Sí, por supuesto que puede ganar. Esa ha sido mi respuesta desde que se lanzó como candidato el 16 de junio del año pasado.
Hace unos días dos encuestas seguidas ponían a Trump por delante de Hillary Clinton, la candidata que tiene más delegados en el partido Demócrata. La encuesta de FoxNews le daba a Trump una ventaja de tres puntos sobre Clinton (45-42) y la de ABC News dos puntos (46-44). Todo está dentro del margen de error. Pero la contienda, de pronto, está más cerrada que nunca.

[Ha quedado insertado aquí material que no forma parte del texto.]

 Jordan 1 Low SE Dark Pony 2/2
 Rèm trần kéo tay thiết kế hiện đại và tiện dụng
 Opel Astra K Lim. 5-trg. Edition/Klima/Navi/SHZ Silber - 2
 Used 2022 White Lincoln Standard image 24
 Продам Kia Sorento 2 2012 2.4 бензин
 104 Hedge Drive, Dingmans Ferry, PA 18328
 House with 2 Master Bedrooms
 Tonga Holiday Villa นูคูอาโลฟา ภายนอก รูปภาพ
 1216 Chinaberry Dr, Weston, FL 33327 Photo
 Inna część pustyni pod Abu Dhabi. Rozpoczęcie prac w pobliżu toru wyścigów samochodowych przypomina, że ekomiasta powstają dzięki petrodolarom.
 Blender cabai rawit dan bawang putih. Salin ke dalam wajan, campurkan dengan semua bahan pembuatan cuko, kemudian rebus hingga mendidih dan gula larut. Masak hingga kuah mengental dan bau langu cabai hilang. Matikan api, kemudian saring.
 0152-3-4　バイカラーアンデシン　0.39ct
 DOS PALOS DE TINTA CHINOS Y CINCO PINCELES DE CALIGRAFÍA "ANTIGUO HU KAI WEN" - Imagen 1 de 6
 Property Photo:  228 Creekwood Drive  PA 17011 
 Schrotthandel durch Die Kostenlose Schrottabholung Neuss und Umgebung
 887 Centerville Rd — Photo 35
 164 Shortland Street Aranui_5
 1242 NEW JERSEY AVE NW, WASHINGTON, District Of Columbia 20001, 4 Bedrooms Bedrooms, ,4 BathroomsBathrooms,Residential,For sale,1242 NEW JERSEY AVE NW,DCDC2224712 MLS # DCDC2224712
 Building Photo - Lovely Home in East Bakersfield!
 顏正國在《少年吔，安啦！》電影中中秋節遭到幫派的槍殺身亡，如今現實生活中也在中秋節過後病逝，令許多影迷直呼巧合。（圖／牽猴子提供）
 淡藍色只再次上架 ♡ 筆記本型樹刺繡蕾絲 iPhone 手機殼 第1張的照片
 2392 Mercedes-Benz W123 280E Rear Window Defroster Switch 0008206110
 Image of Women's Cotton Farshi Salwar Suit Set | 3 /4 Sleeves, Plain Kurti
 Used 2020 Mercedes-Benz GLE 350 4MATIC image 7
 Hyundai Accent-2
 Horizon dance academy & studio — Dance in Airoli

Trump le parecía a muchos un hablador, arrogante y egocéntrico. Pero el error fue no tomarlo en serio. Sus ideas y propuesas, ya hace un año, eran peligrosas y divisivas: quiere deportar a 11 millones de indocumentados en dos años, construir un muro en la frontera con México y acusó injustamente a inmigrantes mexicanos de ser narcotraficantes, criminales y violadores; propuso prohibir la entrada a Estados Unidos a los musulmanes en el mundo y, al hacerlo, discriminaría por su religión a 1,600 millones de personas; desestimó los sacrificios de un héroe de guerra (capturado en Vietnam) como el senador John McCain; y en el primer debate quedó claro que se había referido a mujeres como “perros” y “cerdos gordos” entre otras ofensas. Y hay muchos otros desatinos.
Este no es el Estados Unidos que yo conozco. Cuando políticos, diplomáticos y periodistas reaccionaron –meses después- ya era muy tarde. Nadie le pudo arrancar la nominación del partido Republicano a la presidencia. Y ahí es donde estamos.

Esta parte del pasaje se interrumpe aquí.